Cinq nouvelles, certaines sur un fond de Russie tout juste post-soviétique, décrivent une société en déconfiture et des liens familiaux en crise, mais aussi des jeunes amenés à faire une croix sur leurs espérances. L'écriture de Guelassimov est sèche, avec des phrases brèves, sans description, sans romantisme. Elle suggère simplement...

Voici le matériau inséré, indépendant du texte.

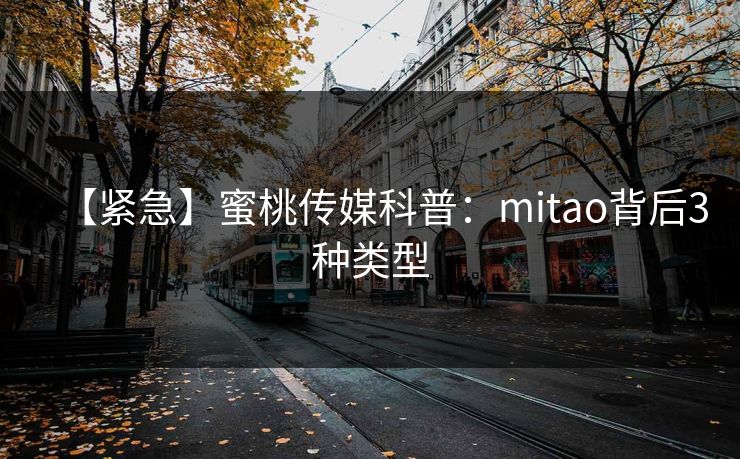 【紧急】蜜桃传媒科普：mitao背后3种类型
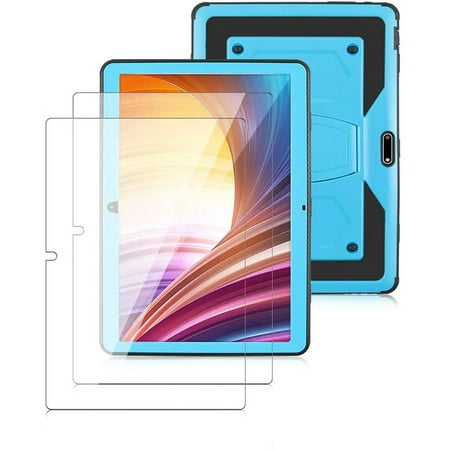SOATUTO for Dragon Touch Max 10 Plus Case with Screen Protector T empered Glass Film Hybrid Built Stand for ANTEMPER、Meize K105、Flying TECH、Victbing、FEONAL、Wecool、HOOZO 10 inch Tablet-Blue+2 Pcs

La nouvelle qui donne son titre au recueil met en scène des élèves de Terminale, Anton et Sacha, et deux jeunes enseignantes, Lydia et Eléna, sous le regard soupçonneux de leurs aînés, Ekaterina Mikhailovna, qui cherche à passionner ses élèves avec ses récits de bataille, et Edouard Andréïévitch, le capitaine qui avoue préférer les blondes. Mais voilà que Lydia Timofiéïévna ne vient plus assurer ses cours...
Dans le dernier texte, un collégien tient son journal, en 1995. Ses parents vont se séparer ; il apprend le piano chez une voisine et admire Audrey Hepburn, ce qui ne l'empêche pas de jouer à la castagne avec ses potes. « Anton Strelnikov m'a dit qu'il était tombé amoureux de la nouvelle prof d'histoire. Il aurait mieux fait de bouffer de la mort-aux-rats. Elle est aussi conne que les autres.» Anton est l'homonyme de l'adolescent du premier texte, qui n'avait pas encore trouvé la mort en Afghanistan, en 1986.
Les trois autres nouvelles évoquent d'une manière ou d'une autre la consommation excessive de vodka. Emélianov a conduit en état d'ivresse : il en résulte un accrochage avec la voiture des voisins "caucasiens" et c'est un couple dont la vie est menacée. Une jeune mère célibataire et sans ressources dont le bébé tarde à marcher recueille un petit voisin délaissé par des « parents ivrognes », tandis que son ami ne veut pas assumer sa paternité et lui propose de s'installer à Moscou. Une femme reçoit sa fille cadette, Tatiana, dix-neuf ans, qui vit en couple avec un homme déjà père : il s'est vu confier la garde de sa fillette parce qu'« elle avait une mère alcoolique.» C'est là encore la vie quotidienne qui s'écoule sans joie particulière dans une Russie triste et plutôt violente. — Un regret : les éditions Actes Sud nous ont habitués à des couvertures esthétiquement plus réussies.
Andreï Guelassimov - Fox Mulder a une tête de cochon. Traduit par Joëlle Dublanchet. Actes Sud, 2005, 188 pages.